Implementing a Recommender System on Spark

The goal of this project is give you practice beginning to work with a distributed recommender system. It is sufficient for this assignment to build out your application on a single node

Source: For this project I’ll use the Jester joke dataset I used for project 4. It has the highest density of the example datasets I was able to find online: http://eigentaste.berkeley.edu/dataset/

# Import 5K x 100 realRatingMatrix of jokes 
data(Jester5k)

# Summary of ratings per user
summary(rowCounts(Jester5k))
##    Min. 1st Qu.  Median    Mean 3rd Qu.    Max. 
##    36.0    53.0    72.0    72.4   100.0   100.0

# Matrix size
dim(Jester5k)
## [1] 5000  100

# Number of ratings
nratings(Jester5k)
## [1] 362106

Spark

# Set up Spark environment
# Sys.setenv(JAVA_HOME = "C:/PROGRA~2/Java/jre1.8.0_211")

# Establish connection
sc <- spark_connect(master = "local")

This was an iterative process. I found out the hard way that Spark needs the DF columns to be numeric, so I’m forcing them to as.numeric in this step:

jester.df <- as(Jester5k, 'data.frame')

jester.df$user <- as.numeric(jester.df$user)
jester.df$item <- as.numeric(jester.df$item)

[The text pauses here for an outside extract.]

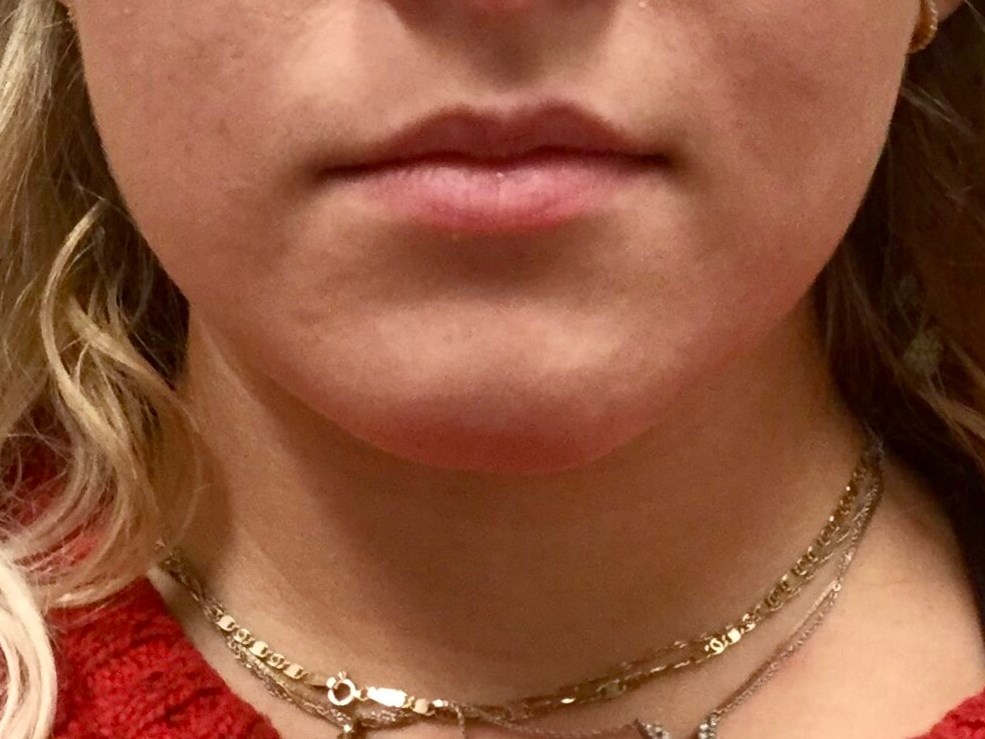 Before Image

# And then copying it over to Spark:
spark_jester_df <- sdf_copy_to(sc, jester.df, "spark_jester_df", overwrite = T)

# Split into training and testing datasets. Then store in Spark
jester_df_splits <- sdf_random_split(spark_jester_df, training=0.8, testing=0.2, seed = 613)

spark_train <- sdf_copy_to(sc, jester_df_splits$training, "spark_train", overwrite = T)
spark_test <- sdf_copy_to(sc, jester_df_splits$testing, "spark_test", overwrite = T)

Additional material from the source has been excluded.